### PROBLEM DETAILS:
Exactly the lines from the one with "Vintage 80sTwo-Tone Gold" through the final line of the entries, and nothing else, should appear in the answer; no pictures go in it.
Segment Start: GIVEN RECORDS
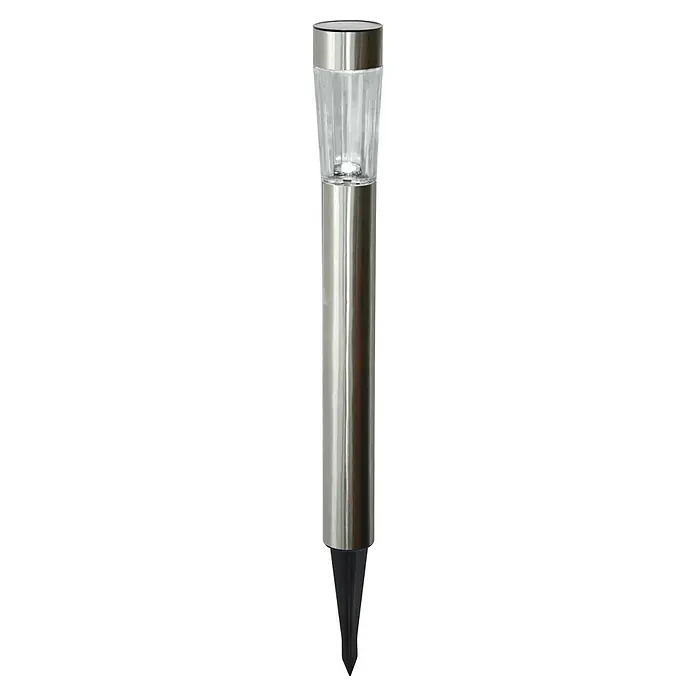 BAUHAUS Solar-Erdspieß Grand Glas - 0,12 W, Transparent, Nickel, IP44, 6 lm - Solar-Gartenleuchte mit Edelstahlgehäuse, klarem Glasaufsatz und Erdspieß für eine stimmungsvolle Beleuchtung im Außenbereich.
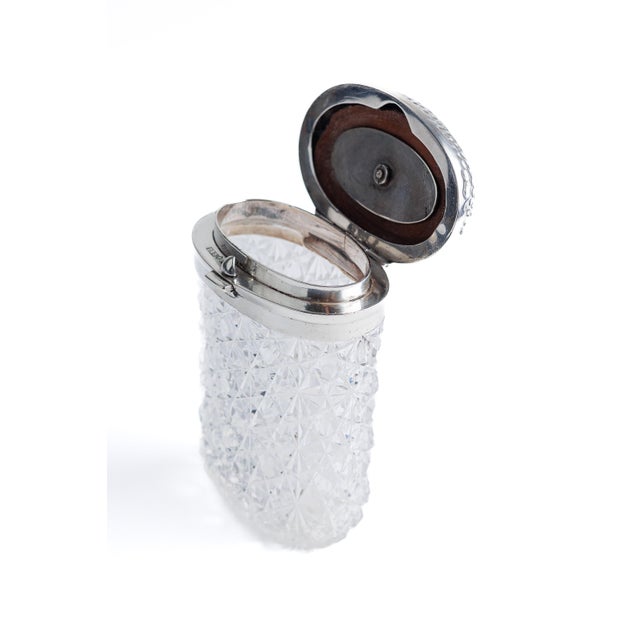Metal Early 20th Century Victorian Style Cut Crystal Perfume Bottle With Sterling Silver Lid For Sale - Image 7 of 9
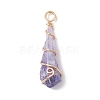 Electroplated Natural Quartz Crystal Copper Wire Wrapped Pendants PALLOY-JF02676-01-4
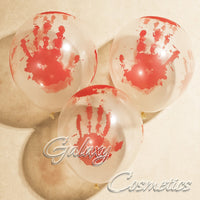 Bloody Hand Print Balloons Halloween House Decoration, Photo Booth Pack Of 12
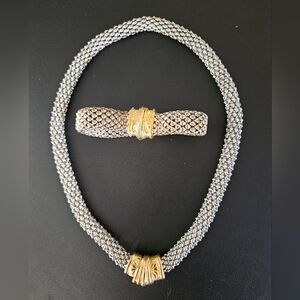 Vintage 80sTwo-Tone Gold & Silver Mesh Necklace and Bracelet Set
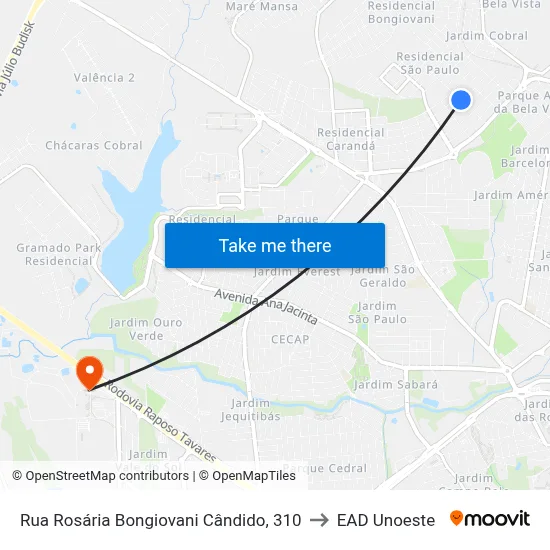 Rua Rosária Bongiovani Cândido, 310 to EAD Unoeste map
Segment End: GIVEN RECORDS
### ANSWER TO THIS TASK:
 Vintage 80sTwo-Tone Gold & Silver Mesh Necklace and Bracelet Set
 Rua Rosária Bongiovani Cândido, 310 to EAD Unoeste map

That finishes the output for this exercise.